_RECORDS SUPPLIED_:

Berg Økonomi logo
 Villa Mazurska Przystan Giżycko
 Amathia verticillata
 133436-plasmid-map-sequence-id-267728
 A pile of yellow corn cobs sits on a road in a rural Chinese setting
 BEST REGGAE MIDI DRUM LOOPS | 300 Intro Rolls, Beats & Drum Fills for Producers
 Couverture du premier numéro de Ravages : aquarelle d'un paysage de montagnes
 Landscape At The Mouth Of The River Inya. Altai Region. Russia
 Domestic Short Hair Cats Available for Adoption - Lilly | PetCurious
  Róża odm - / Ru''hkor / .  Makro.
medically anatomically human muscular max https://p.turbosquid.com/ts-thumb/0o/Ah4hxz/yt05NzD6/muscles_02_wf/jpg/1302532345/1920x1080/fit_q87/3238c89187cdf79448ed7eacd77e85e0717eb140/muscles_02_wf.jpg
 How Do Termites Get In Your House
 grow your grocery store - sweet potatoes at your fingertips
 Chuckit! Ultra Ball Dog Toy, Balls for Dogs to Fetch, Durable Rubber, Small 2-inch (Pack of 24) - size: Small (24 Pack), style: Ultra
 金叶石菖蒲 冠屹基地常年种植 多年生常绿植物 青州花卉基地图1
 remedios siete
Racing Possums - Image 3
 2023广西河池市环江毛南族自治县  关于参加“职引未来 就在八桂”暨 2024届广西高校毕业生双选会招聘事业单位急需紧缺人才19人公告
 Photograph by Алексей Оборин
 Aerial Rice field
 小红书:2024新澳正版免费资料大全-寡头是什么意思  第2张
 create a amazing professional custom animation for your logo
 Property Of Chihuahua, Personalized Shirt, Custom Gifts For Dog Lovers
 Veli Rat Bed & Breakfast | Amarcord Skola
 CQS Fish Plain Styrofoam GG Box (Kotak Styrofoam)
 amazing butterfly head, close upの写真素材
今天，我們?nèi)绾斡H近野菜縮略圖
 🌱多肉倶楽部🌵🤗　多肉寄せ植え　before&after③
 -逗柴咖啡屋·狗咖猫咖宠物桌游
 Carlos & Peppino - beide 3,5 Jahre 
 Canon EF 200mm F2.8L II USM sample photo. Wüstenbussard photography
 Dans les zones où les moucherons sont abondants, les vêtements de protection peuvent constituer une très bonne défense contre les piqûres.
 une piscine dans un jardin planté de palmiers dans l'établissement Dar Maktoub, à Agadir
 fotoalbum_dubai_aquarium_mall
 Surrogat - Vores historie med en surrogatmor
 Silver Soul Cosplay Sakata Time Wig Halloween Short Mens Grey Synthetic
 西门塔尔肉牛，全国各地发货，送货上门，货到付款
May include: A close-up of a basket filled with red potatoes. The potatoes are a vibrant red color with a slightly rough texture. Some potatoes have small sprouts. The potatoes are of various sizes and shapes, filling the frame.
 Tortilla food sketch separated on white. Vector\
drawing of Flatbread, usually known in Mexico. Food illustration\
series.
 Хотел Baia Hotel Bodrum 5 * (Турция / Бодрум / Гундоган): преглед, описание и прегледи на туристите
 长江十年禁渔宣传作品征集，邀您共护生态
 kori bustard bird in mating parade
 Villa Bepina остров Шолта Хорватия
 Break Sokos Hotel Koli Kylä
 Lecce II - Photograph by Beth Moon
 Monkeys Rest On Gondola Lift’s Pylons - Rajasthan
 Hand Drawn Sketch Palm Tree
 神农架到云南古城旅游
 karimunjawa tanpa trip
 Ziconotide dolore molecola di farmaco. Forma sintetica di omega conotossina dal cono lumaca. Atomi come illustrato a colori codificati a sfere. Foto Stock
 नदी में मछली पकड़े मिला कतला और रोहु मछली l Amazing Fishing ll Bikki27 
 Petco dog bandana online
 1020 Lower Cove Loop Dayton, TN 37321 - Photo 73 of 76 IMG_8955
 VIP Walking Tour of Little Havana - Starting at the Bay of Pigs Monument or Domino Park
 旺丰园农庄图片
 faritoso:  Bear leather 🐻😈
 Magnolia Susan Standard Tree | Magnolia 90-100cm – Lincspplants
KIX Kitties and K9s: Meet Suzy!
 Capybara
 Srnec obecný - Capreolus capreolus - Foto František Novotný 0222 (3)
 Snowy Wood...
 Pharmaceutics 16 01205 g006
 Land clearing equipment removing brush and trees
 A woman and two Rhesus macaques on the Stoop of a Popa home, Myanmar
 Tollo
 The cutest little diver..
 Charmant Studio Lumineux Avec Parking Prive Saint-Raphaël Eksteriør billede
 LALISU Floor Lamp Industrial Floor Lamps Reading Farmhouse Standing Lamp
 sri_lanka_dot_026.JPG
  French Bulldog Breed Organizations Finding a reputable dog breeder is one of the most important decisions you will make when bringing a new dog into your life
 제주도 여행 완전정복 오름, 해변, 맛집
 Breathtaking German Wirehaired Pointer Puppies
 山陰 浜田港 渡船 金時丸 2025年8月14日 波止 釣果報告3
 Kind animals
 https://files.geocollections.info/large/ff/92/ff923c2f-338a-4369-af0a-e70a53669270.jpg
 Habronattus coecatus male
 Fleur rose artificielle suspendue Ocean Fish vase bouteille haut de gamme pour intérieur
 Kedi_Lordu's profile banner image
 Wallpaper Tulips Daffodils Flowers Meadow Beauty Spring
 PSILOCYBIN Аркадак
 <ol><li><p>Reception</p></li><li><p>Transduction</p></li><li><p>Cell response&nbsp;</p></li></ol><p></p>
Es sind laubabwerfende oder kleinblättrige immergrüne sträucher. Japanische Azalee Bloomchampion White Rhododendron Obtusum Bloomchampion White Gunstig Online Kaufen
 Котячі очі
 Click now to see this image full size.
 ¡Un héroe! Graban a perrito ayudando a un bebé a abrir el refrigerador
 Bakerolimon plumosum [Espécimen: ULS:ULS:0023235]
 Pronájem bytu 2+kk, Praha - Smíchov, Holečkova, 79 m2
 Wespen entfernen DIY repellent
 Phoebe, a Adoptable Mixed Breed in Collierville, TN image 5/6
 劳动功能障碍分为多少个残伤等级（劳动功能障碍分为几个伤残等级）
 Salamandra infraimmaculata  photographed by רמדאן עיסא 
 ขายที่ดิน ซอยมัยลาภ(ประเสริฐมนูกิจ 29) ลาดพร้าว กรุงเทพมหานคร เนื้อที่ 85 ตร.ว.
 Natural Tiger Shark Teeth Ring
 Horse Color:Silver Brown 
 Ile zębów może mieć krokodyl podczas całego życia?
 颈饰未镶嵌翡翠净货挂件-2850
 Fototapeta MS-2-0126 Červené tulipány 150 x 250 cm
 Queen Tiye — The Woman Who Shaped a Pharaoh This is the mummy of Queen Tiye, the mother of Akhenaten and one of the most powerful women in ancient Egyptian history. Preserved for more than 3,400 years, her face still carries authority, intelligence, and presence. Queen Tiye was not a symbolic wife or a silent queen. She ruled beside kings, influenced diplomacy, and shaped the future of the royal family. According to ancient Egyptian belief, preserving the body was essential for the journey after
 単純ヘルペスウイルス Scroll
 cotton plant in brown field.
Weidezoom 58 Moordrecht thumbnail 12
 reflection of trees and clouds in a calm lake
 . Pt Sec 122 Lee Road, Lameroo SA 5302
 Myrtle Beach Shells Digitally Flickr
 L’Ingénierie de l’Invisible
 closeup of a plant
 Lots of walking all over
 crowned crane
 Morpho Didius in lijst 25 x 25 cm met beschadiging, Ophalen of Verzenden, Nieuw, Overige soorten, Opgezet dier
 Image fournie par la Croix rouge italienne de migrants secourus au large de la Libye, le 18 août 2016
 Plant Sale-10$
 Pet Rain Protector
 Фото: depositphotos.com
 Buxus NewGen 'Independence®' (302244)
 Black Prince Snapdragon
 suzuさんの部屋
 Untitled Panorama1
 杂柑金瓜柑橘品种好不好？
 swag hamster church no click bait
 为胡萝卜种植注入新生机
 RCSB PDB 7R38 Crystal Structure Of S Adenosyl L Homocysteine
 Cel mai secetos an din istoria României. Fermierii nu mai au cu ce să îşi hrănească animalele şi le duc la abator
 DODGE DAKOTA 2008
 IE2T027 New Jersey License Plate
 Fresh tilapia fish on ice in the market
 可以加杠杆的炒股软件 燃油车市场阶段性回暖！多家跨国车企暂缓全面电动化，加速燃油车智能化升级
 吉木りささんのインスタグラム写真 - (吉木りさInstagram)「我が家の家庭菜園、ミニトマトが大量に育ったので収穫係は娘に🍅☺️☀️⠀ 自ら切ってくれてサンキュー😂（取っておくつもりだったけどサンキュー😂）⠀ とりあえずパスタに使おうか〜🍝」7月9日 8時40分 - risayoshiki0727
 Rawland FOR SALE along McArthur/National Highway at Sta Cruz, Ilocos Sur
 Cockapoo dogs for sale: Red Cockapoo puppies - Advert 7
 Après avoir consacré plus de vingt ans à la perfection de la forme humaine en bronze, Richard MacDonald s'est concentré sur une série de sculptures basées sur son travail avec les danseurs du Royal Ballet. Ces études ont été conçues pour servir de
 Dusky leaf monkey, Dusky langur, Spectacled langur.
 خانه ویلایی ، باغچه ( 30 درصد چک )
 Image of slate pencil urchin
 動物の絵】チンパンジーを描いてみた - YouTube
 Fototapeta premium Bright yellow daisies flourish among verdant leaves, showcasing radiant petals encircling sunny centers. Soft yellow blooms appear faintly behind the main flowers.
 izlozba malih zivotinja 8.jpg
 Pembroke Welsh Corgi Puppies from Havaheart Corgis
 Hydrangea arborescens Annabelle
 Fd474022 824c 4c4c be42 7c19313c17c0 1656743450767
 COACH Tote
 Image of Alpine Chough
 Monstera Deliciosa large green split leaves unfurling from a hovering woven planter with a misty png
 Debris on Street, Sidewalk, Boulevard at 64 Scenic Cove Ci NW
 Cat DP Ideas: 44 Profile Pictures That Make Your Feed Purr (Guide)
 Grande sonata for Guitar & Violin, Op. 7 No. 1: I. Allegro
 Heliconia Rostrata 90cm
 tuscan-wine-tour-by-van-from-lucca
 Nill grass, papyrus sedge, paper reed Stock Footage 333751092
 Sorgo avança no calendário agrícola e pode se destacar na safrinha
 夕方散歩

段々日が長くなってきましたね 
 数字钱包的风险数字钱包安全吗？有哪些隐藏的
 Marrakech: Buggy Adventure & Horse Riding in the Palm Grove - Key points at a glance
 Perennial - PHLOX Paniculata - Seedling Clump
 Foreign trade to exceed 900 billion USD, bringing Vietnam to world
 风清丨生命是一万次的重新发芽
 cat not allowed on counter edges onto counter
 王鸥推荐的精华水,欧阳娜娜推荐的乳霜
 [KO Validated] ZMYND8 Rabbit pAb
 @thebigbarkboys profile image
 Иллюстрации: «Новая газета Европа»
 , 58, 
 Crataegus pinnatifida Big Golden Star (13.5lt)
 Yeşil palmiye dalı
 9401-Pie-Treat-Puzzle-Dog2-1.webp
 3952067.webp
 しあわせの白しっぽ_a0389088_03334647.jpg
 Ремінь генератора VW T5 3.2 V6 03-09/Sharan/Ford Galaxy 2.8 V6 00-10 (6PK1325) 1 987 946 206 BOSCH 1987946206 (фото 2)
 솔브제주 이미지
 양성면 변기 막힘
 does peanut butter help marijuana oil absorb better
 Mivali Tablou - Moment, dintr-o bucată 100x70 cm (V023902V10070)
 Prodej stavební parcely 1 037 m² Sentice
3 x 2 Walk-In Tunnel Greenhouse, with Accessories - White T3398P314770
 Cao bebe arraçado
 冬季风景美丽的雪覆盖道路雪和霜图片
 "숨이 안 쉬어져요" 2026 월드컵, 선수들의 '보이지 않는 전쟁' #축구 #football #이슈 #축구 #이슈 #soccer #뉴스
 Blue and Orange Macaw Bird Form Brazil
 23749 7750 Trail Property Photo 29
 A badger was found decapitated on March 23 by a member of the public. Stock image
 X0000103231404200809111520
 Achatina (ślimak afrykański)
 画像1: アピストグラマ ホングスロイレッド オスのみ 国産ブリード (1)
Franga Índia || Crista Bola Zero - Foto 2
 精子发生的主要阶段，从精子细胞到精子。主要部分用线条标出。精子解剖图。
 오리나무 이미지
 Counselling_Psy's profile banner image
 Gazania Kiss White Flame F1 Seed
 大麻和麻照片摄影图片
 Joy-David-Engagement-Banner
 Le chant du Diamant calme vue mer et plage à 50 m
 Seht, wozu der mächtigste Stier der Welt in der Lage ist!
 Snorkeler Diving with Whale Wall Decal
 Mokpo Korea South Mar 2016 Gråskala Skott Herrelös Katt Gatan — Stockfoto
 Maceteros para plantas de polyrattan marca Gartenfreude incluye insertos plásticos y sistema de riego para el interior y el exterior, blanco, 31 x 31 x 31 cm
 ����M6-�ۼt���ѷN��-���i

_PROBLEM REQUIREMENTS_: Look above for the line containing "Aerial Rice field" and the line containing "May include: A". Transcribe both, with the lines between them, exactly.

_SOLUTION TO THE EXERCISE_:
 Aerial Rice field
 小红书:2024新澳正版免费资料大全-寡头是什么意思  第2张
 create a amazing professional custom animation for your logo
 Property Of Chihuahua, Personalized Shirt, Custom Gifts For Dog Lovers
 Veli Rat Bed & Breakfast | Amarcord Skola
 CQS Fish Plain Styrofoam GG Box (Kotak Styrofoam)
 amazing butterfly head, close upの写真素材
今天，我們?nèi)绾斡H近野菜縮略圖
 🌱多肉倶楽部🌵🤗　多肉寄せ植え　before&after③
 -逗柴咖啡屋·狗咖猫咖宠物桌游
 Carlos & Peppino - beide 3,5 Jahre 
 Canon EF 200mm F2.8L II USM sample photo. Wüstenbussard photography
 Dans les zones où les moucherons sont abondants, les vêtements de protection peuvent constituer une très bonne défense contre les piqûres.
 une piscine dans un jardin planté de palmiers dans l'établissement Dar Maktoub, à Agadir
 fotoalbum_dubai_aquarium_mall
 Surrogat - Vores historie med en surrogatmor
 Silver Soul Cosplay Sakata Time Wig Halloween Short Mens Grey Synthetic
 西门塔尔肉牛，全国各地发货，送货上门，货到付款
May include: A close-up of a basket filled with red potatoes. The potatoes are a vibrant red color with a slightly rough texture. Some potatoes have small sprouts. The potatoes are of various sizes and shapes, filling the frame.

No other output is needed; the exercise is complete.